▶ [Problem details]: Below is a listing; print exactly its lines from the one containing "Technic Beam 3" down to the one containing "3D model Decorative", both inclusive, with every picture left out.

▶ [Entries provided]:

--------

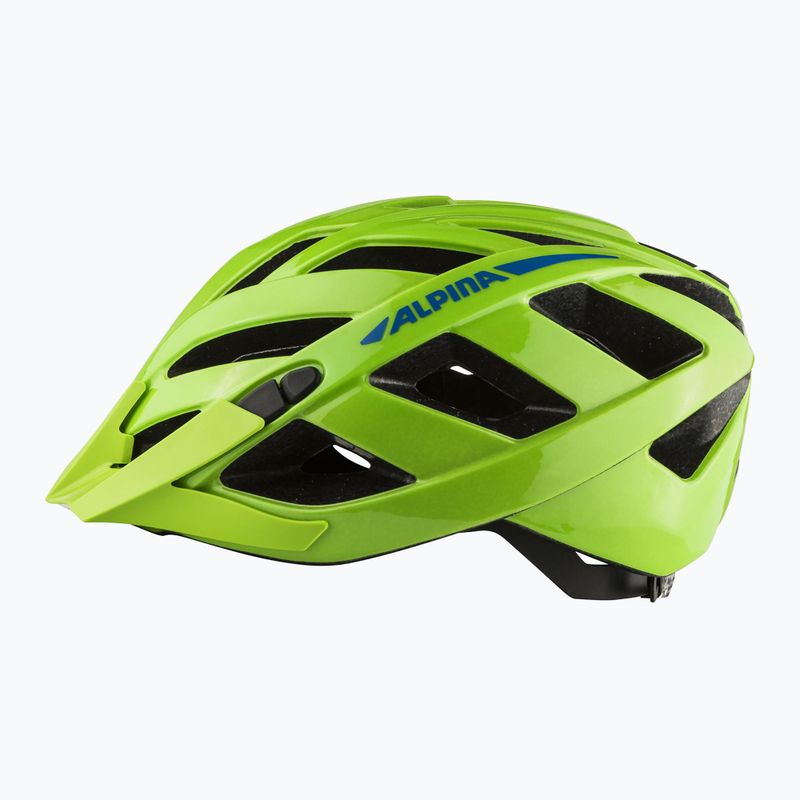 Kask rowerowy Alpina Panoma 3.0 green/blue gloss 2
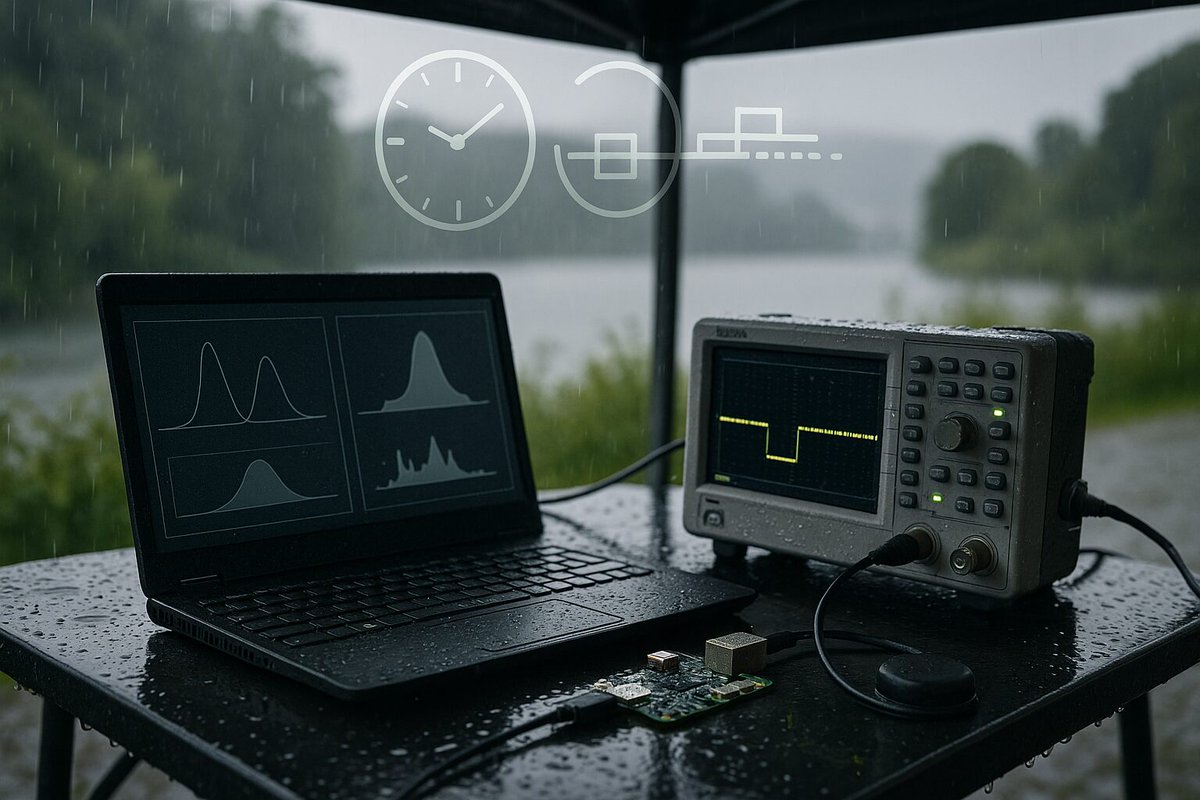 Donau2Space's tweet image. Regen auf dem Dach, Tropfen auf dem Logger – und wir justieren Takte im Millisekundentakt. Heute geht’s um Clocksource-Switches und adjtimex-Mediananalyse. Präzision auch bei Niesel. 🌧️🔧 donau2space.de/tag-60-1433-uh… #DataLogger #Timing #DIY #Stratosphere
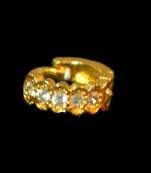 Designer Gold diamond nosering or nosepin
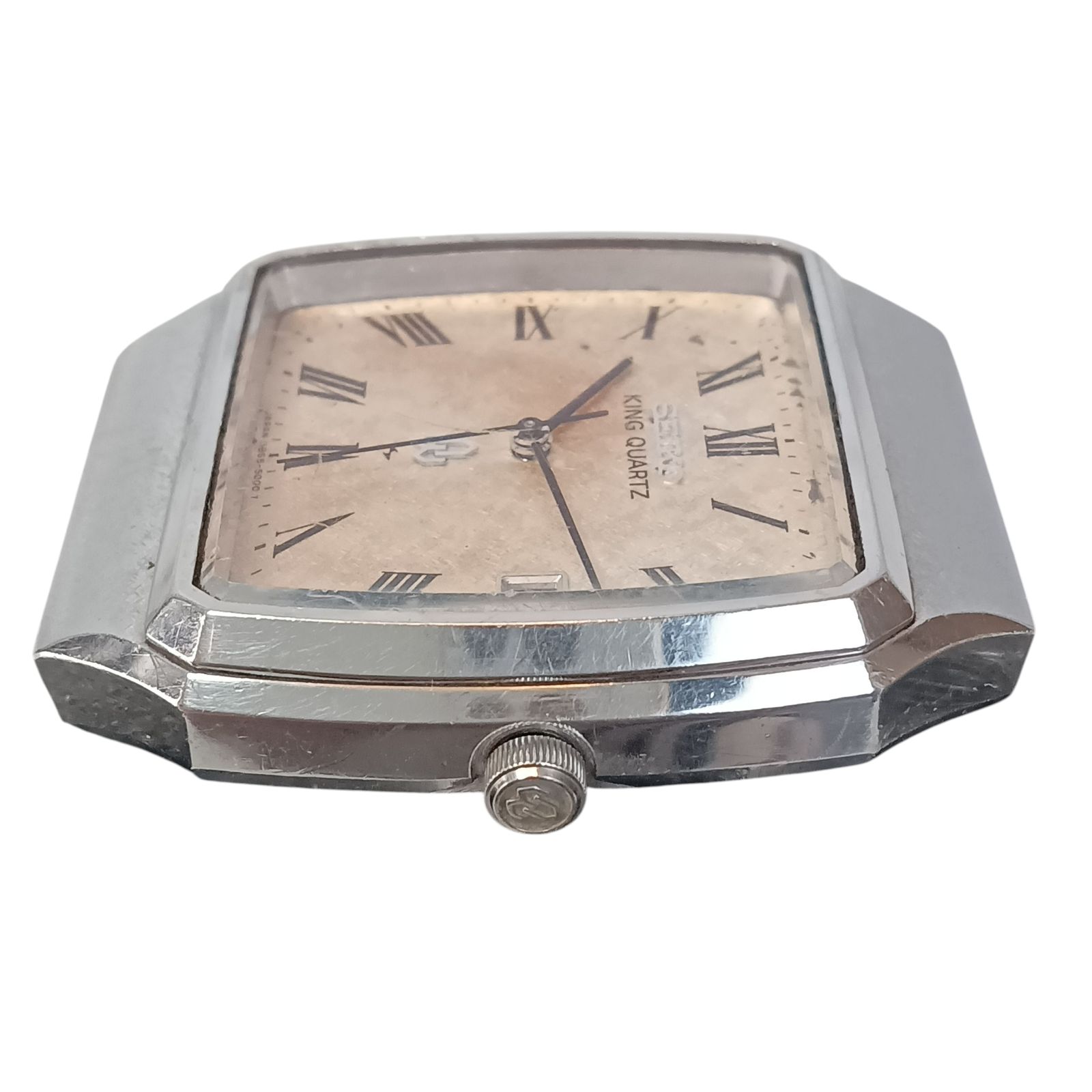 SEIKO セイコー キングクォーツ 5855-5000 腕時計 セイコー キング クォーツ 5855-5000 昭和52年製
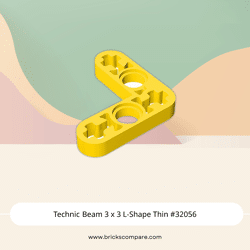Technic Beam 3 x 3 L-Shape Thin #32056 - 24-Yellow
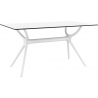 Stylowy Stół prostokątny Air 140x80 Biały Siesta do kuchni, restauracji lub kawiarni.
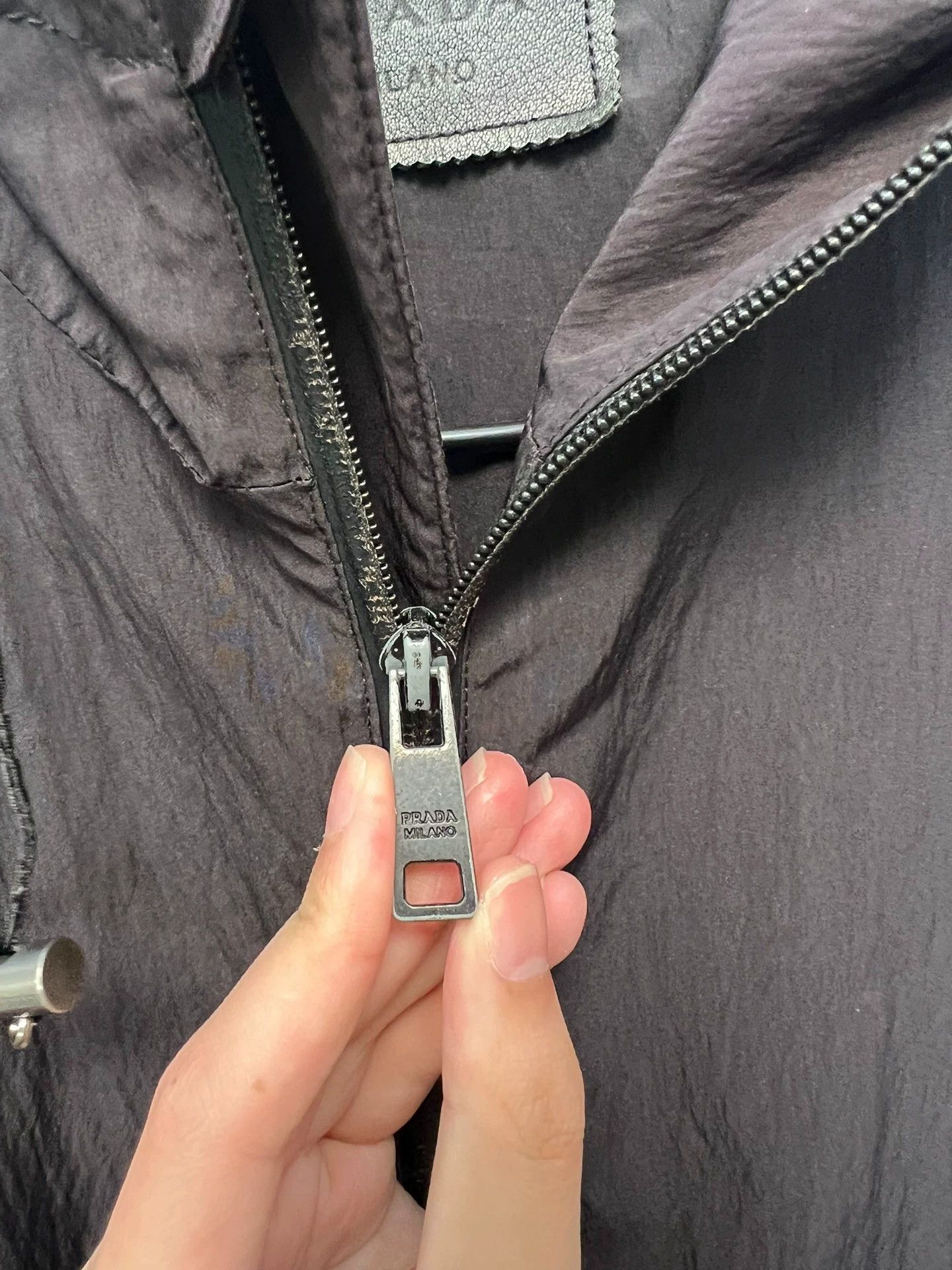 Prada Prada Vintage Milano Triangle Logo Zip Hooded Jacket Size US XXL / EU 58 / 5 - 8 Thumbnail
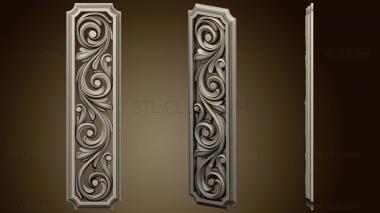 3D model Decorative panel slotted vertical (STL)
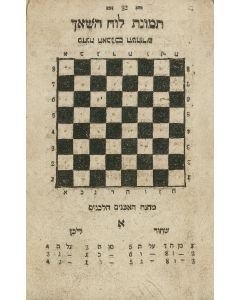 Limudei Haiyuni Vehama’asi Bedarkei Hasechok (Shachspiel) [“Theory and Practice of the Game of Chess.”]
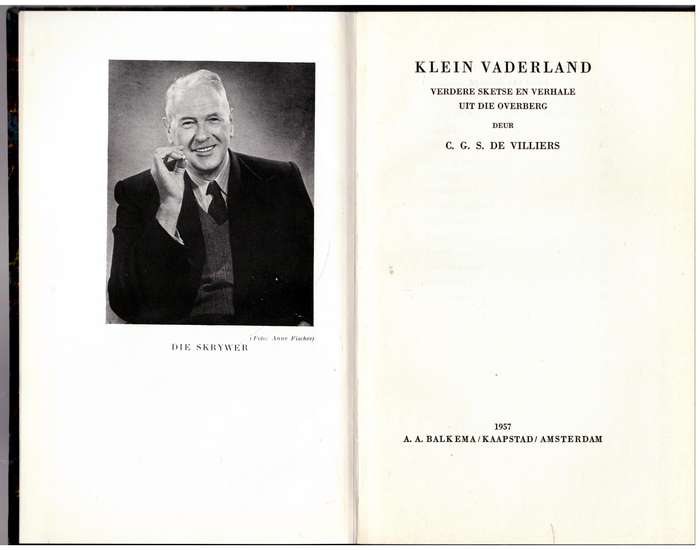 Klein Vaderland: Verdere sketse en verhale uit die Overberg  --  C.G.S. de Villiers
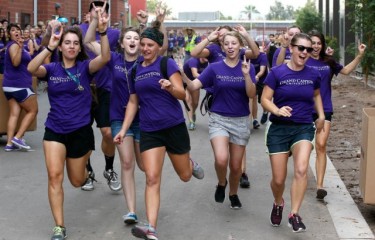 A thundering herd of Lopes were having a good time at Sedona Hall on Thursday morning during Day 2 of Move-In. 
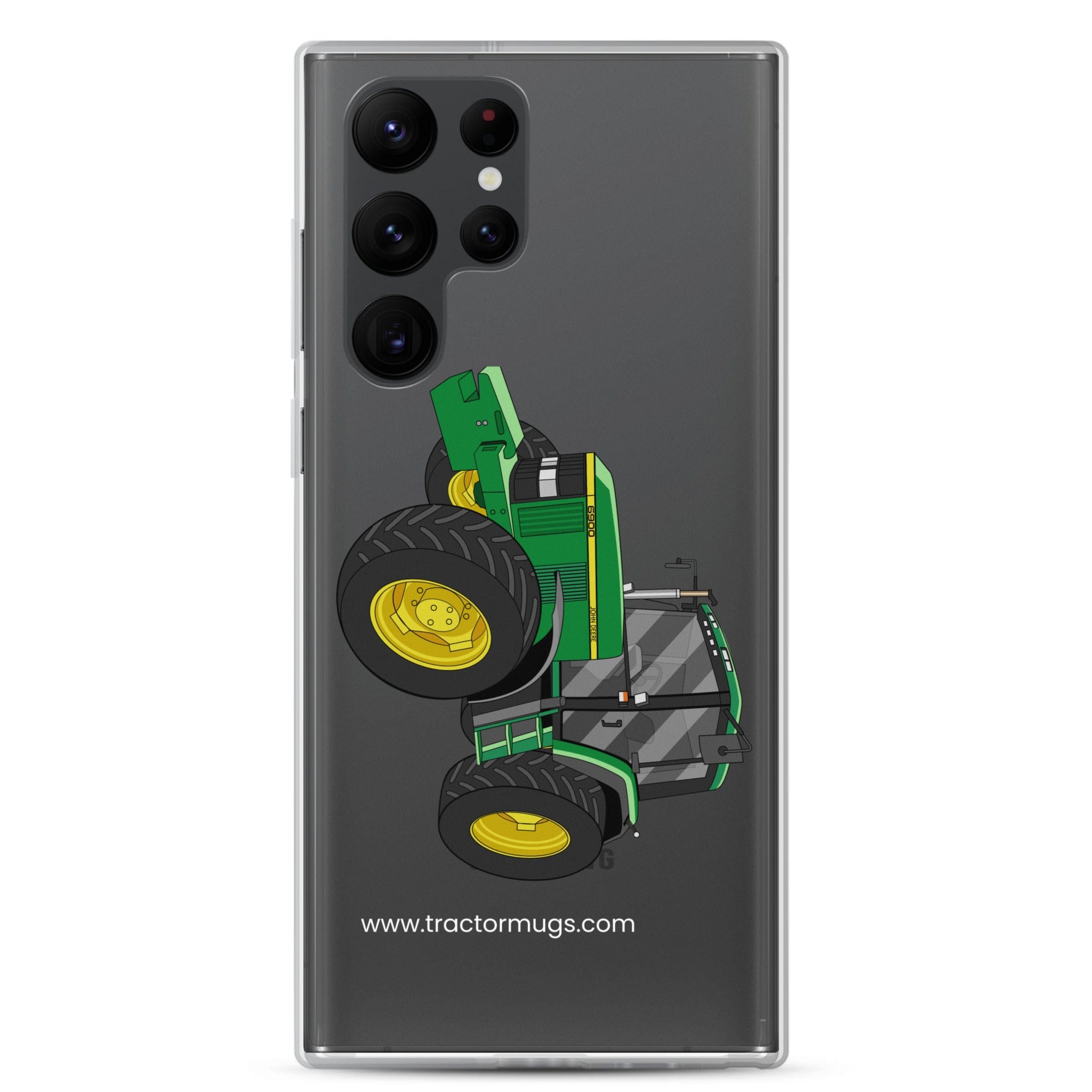 John Deere Clear Case for Samsung® Samsung Galaxy S22 Ultra John Deere 6900  | Clear Case for Samsung® Quality Farmers Merch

--------

▶ [Reply to the exercise]:
Technic Beam 3 x 3 L-Shape Thin #32056 - 24-Yellow
 Stylowy Stół prostokątny Air 140x80 Biały Siesta do kuchni, restauracji lub kawiarni.
 Prada Prada Vintage Milano Triangle Logo Zip Hooded Jacket Size US XXL / EU 58 / 5 - 8 Thumbnail
 3D model Decorative panel slotted vertical (STL)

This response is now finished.